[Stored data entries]
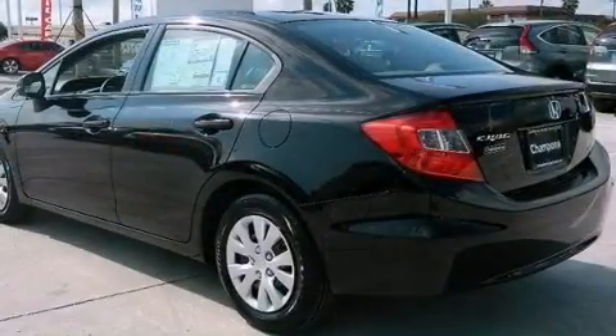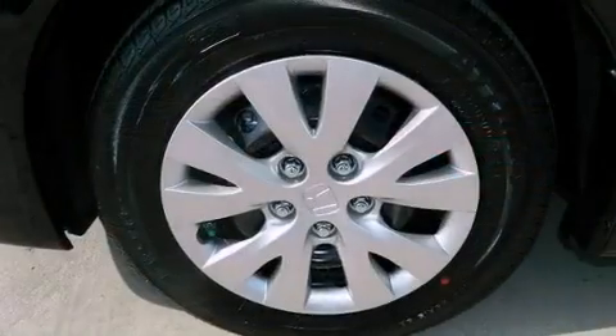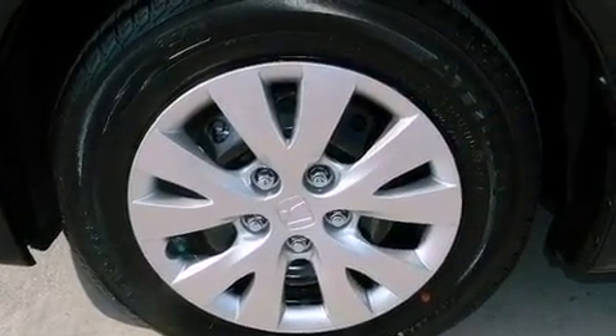All of the following features are included: a low tire pressure indicator, traction control and stability control systems, cruise control, a CD player, and an electronic throttle.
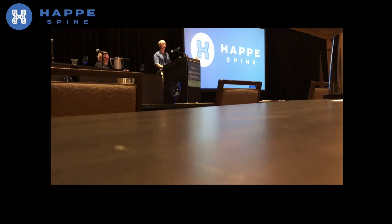I'd like to thank everyone for sticking around here. I know it's getting close to lunchtime. I'm extremely excited to be here. We're thankful for the organizers to give us this opportunity at the last minute. And I get the chance to introduce to you a company you probably haven't heard of: Happy Spine.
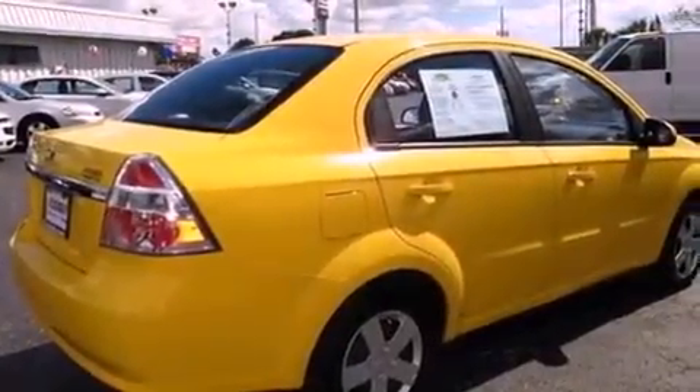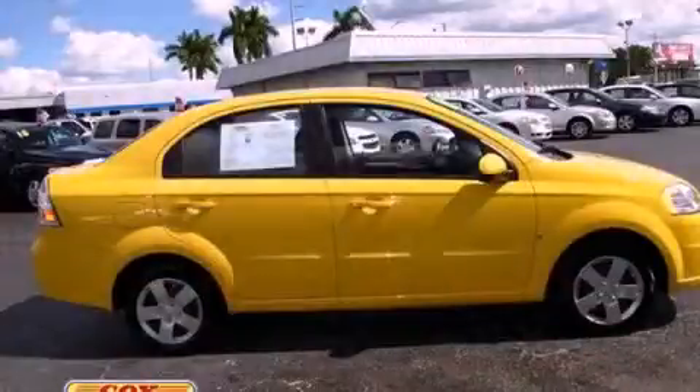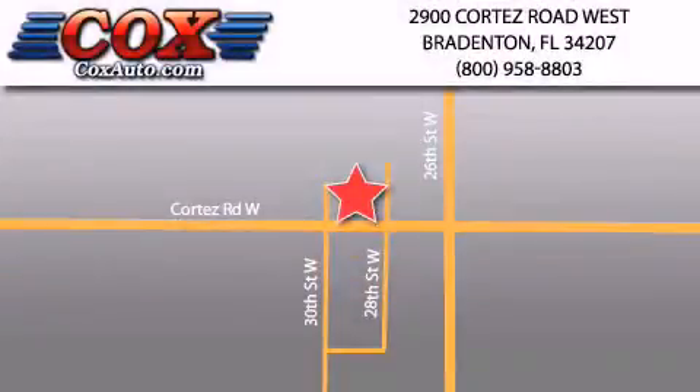This vehicle is sure to sell fast. Call and arrange your test drive today. Be sure to take advantage of our first-year complimentary basic maintenance on every pre-owned vehicle purchased from Cox Automotive.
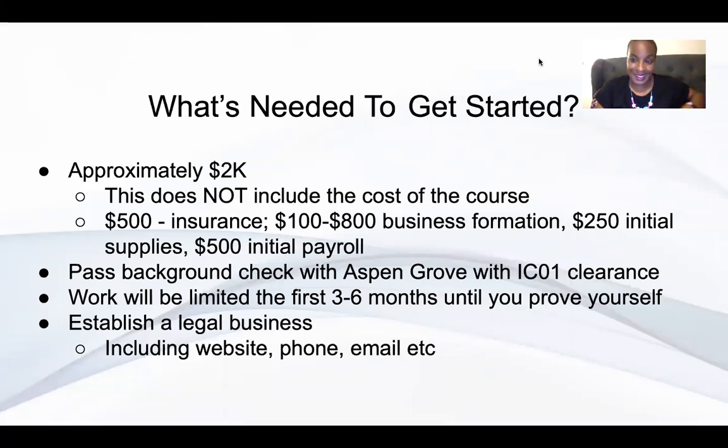Hey, this is Danielle Pierce again, creator of Real Estate Profit Lab. Today we're talking about what you need to actually get started as far as launching your own property preservation company.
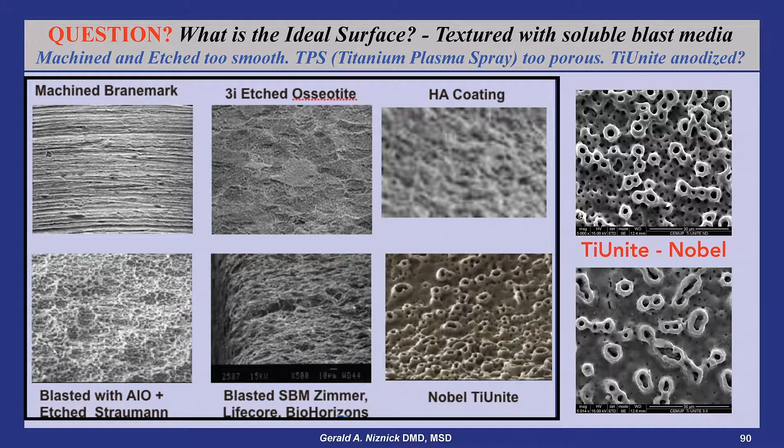What is the best implant surface has been a question for debate since the early 1980s, with Nobel selling smooth machined surface implants, Straumann selling rough porous titanium plasma sprayed surface implants, and Corvin selling implants with a textured surface created by aluminous oxide blasting followed by hydrofluoric acid etching. By 1991, Corvin started blasting its implants with hydroxylapatite crystals, creating a medium rough surface without the necessity to acid etch to remove particles.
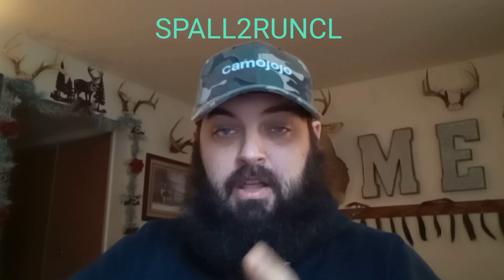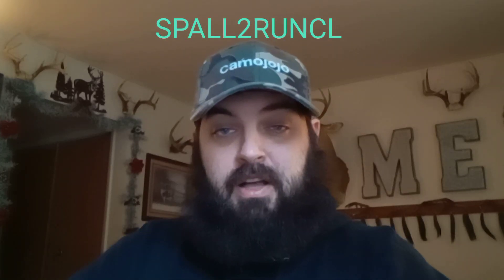That's S-P-A-L-L, the number 2, R-U-N-C-L. Or if you go on Amazon, you can use my discount code SP2RUNKLE — S-P, number 2, R-U-N-C-L. A little bit different, but same discount, either Amazon or their website. Amazing products, very reasonable prices, top of the line. Everything they've sent me is amazing. So they're a good one to check out — get some last minute Christmas gifts in.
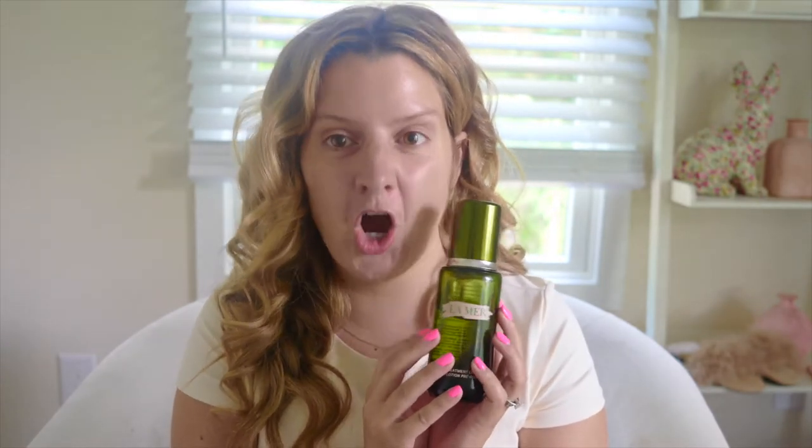Now the first gen — La Mer did a facelift. They upgraded the consistency, the ingredients, and the packaging. This was one of the first products I ever reviewed on my channel, so let's take it back a couple of years and bring you to the first gen.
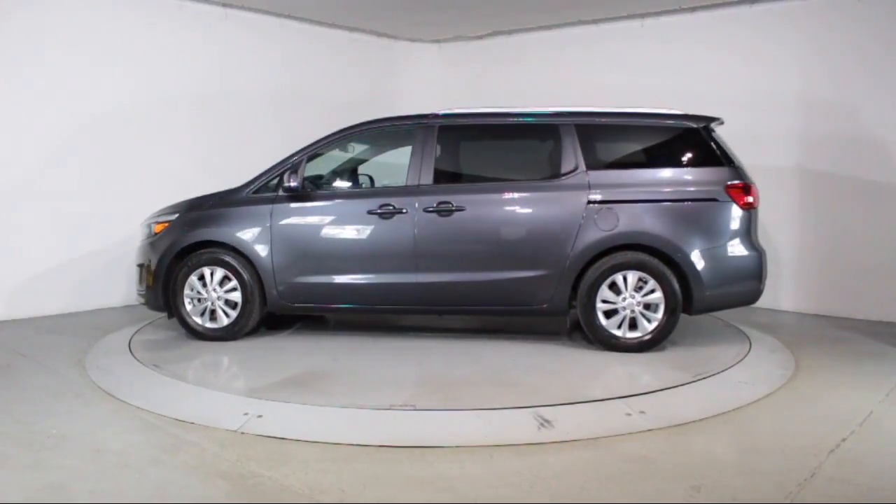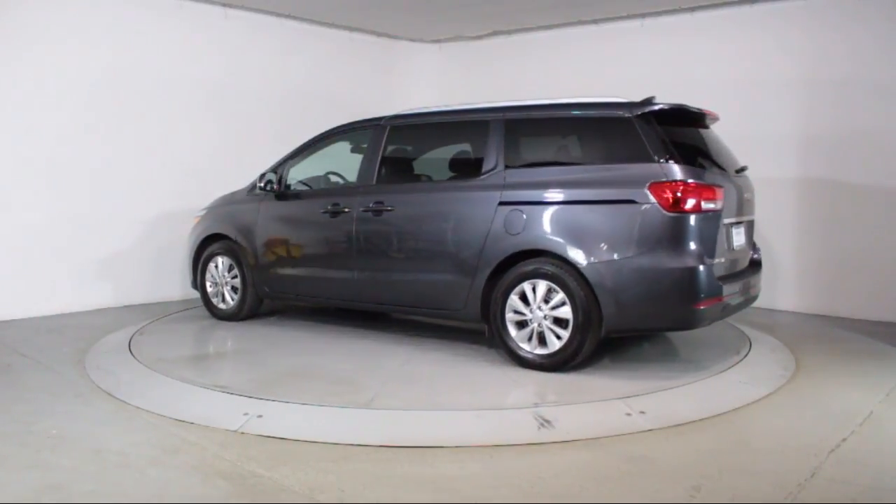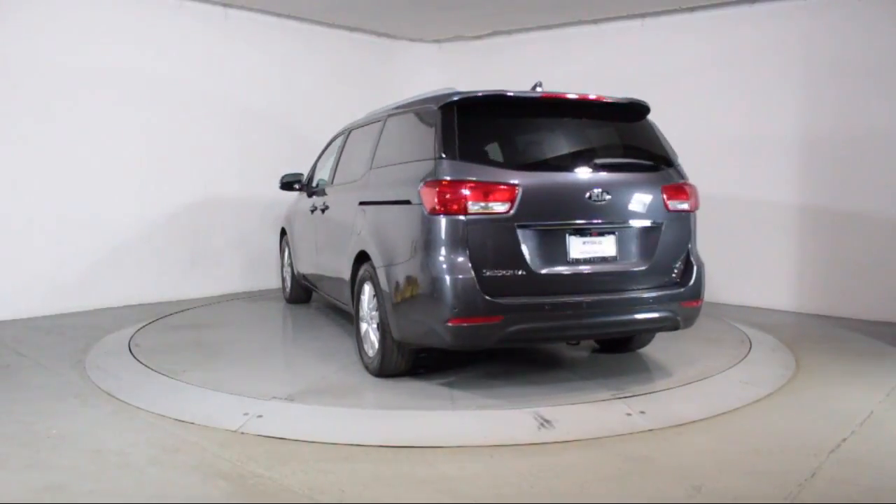It also features air conditioning, traction control, CD player, power windows, side airbags, and anti-lock braking, and has less than 55,000 miles on the odometer.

* **PROBLEM DETAILS**: Word for word, give again the lines from the first entry to the line with "What is the", inclusive. Exclude the pictures.

* **EXERCISE RESPONSE**:
All of the following features are included: a low tire pressure indicator, traction control and stability control systems, cruise control, a CD player, and an electronic throttle.
I'd like to thank everyone for sticking around here. I know it's getting close to lunchtime. I'm extremely excited to be here. We're thankful for the organizers to give us this opportunity at the last minute. And I get the chance to introduce to you a company you probably haven't heard of: Happy Spine.
This vehicle is sure to sell fast. Call and arrange your test drive today. Be sure to take advantage of our first-year complimentary basic maintenance on every pre-owned vehicle purchased from Cox Automotive.
Hey, this is Danielle Pierce again, creator of Real Estate Profit Lab. Today we're talking about what you need to actually get started as far as launching your own property preservation company.
What is the best implant surface has been a question for debate since the early 1980s, with Nobel selling smooth machined surface implants, Straumann selling rough porous titanium plasma sprayed surface implants, and Corvin selling implants with a textured surface created by aluminous oxide blasting followed by hydrofluoric acid etching. By 1991, Corvin started blasting its implants with hydroxylapatite crystals, creating a medium rough surface without the necessity to acid etch to remove particles.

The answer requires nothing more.